Así pues, resulta que los libros, los autores que un día fueron ridículos en razón de su sinceridad despojada y total, poseen virtualidades infinitas que pueden ser retomadas y profundizadas por cualquiera de nosotros. Con los libros ridículos sucede algo extraño: no afectan del mismo modo que un hecho social ridículo, porque los leemos en la soledad, cuyos valores no son los mismos que los de la colectividad. Somos más sinceros cuando estamos solos, puesto que no echamos el cerrojo a nuestra sensibilidad ni a nuestra inteligencia en aras del buen sentido y de la lógica. ¿Por qué una paradoja oída en público irrita y, en cambio, fascina leída en soledad? ¿Por qué lloramos de emoción al leer una confesión, mientras que nos crispamos molestos si la oímos en publico? Quizás porque entonces haga su aparición el ridículo, esa censura a la sinceridad, censura creada por la sociedad para frenar el individualismo en sus excesos.

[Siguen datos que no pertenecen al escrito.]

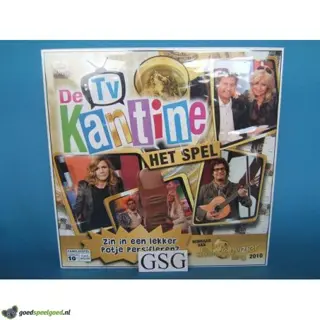 De TV kantine nr. 07046-00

Miro a mi alrededor y, con toda franqueza, sólo los hombres y autores ridículos son capaces de enseñarme algo. Sólo ellos son sinceros, solo ellos se desnudan sin reticencias ante mis ojos. Sólo ellos están vivos. Llegará un día en que morirán a su vez y en que también serán distribuidos racionalmente en sistemas, en que serán aceptados y colmados de honores. No quiero evocar casos demasiado ilustres. Mencionaré únicamente a aquel hombre de un ridículo absoluto que es el único autor que no me atrevería a leer en público. Me refiero a Soren Kierkegaard, a quien hoy en día se consagran volúmenes de crítica, al que se traduce, comenta, comprende, y al que se mata. En un cierto sentido está muerto, y, sin embargo, ¿cuántas fuentes de vida y de pensamiento no se encuentran todavía hoy en el loco de Copenhague? Porque en cualquier momento puede ser retomado y continuado.
Así que olvida el ridículo ¡A vivir!
Solo el ridículo merece ser imitado. Pues sólo imitando el ridículo imitamos la vida; entraña, en efecto, la absoluta y completa sinceridad de la vida, y no las ideas fijas y convenciones que son las caras de la muerte. Y en cuanto a la muerte, bien sabe Dios que ya bastante la encontramos en todos nosotros.